Acontece que seu maior desejo, nessa fase, não era fugir sem destino. O pai de dona Vandirce, um senhor de cabelos grisalhos, era da Marinha, e Edu queria porque queria pegar sua espada. Não lembra de ter insistido, mas deve, e muito, porque um dia a professora o levou a um quarto da parte residencial.
O Homem estava ali, de uniforme completo, espada na cinta. Edu lembra do misto de temor e reverência com que o observou, em silêncio completo. O Homem estava sem graça, sozinho na companhia de um menininho. Lentamente, desembainhou a espada. Não a entregou a Edu, não era louco. Depois a guardou e se afastou. Não deviam ter se passado mais de dez minutos, provavelmente bem menos. Edu voltou à sala de aula e brincadeiras, emocionado demais para comentar qualquer coisa com os coleguinhas. Só muito depois, percebeu que havia algo vagamente sexual nesse transetê sem palavras entre criança e adulto.

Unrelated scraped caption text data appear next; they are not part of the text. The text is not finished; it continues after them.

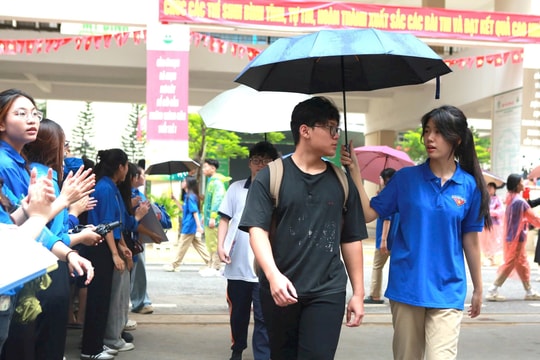 Đáp án đề thi tốt nghiệp THPT 2025 môn Tiếng Anh, mã đề 1138 (tham khảo)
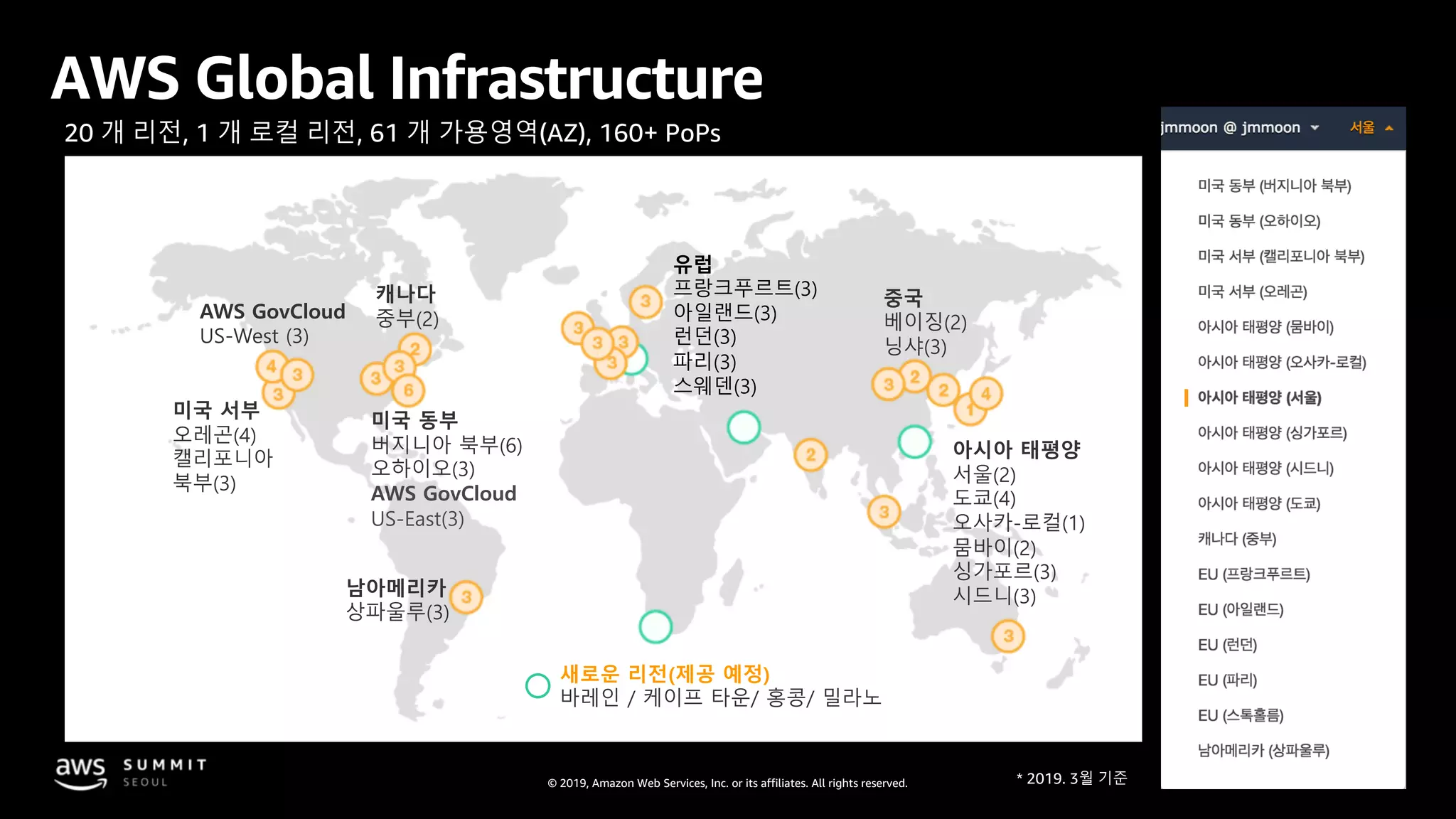 © 2019, Amazon Web Services, Inc. or its affiliates. All rights reserved.
AWS Global Infrastructure
20 개 리전, 1 개 로컬 리전, 61 개 가용영역(AZ), 160+ PoPs
미국 동부
버지니아 북부(6)
오하이오(3)
AWS GovCloud
US-East(3)
캐나다
중부(2)
미국 서부
오레곤(4)
캘리포니아
북부(3)
아시아 태평양
서울(2)
도쿄(4)
오사카-로컬(1)
뭄바이(2)
싱가포르(3)
시드니(3)
유럽
프랑크푸르트(3)
아일랜드(3)
런던(3)
파리(3)
스웨덴(3)
AWS GovCloud
US-West (3)
중국
베이징(2)
닝샤(3)
새로운 리전(제공 예정)
바레인 / 케이프 타운/ 홍콩/ 밀라노
남아메리카
상파울루(3)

Não há mais lembranças desse período, nada das brincadeiras nem das aulas. Mas, quando o ano terminou, sabia ler e escrever.
Dias depois, Edu estava em casa, com a mãe, quando do nada ela observou, com a entonação de uma péssima atriz amadora:
– Oh, não seria maravilhoooso se você fosse o orador de sua turma no jardim de infância?
Um segundo depois, a campainha soou e uma professora (não lembra qual, talvez dona Vandirce) entrou na casa para convidá-lo para fazer o discurso de formatura.
– Claaaro que ele aceita! – respondeu a mãe canastrona. – Diga que sim, Edu querido!
Ele não lembra de ter respondido. Não lembra de ter visto a mãe escrever o discurso. Não lembra de tê-lo lido. Não lembra sequer de ter ido à formatura. Mas deve ter feito todas essas coisas.
Porque, desde a infância, sua memória justapõe lembranças vívidas, luminosas, e trechos sombrios, vazios – que predominam por larga margem –, em uma dilacerante colcha de retalhos do psiquismo.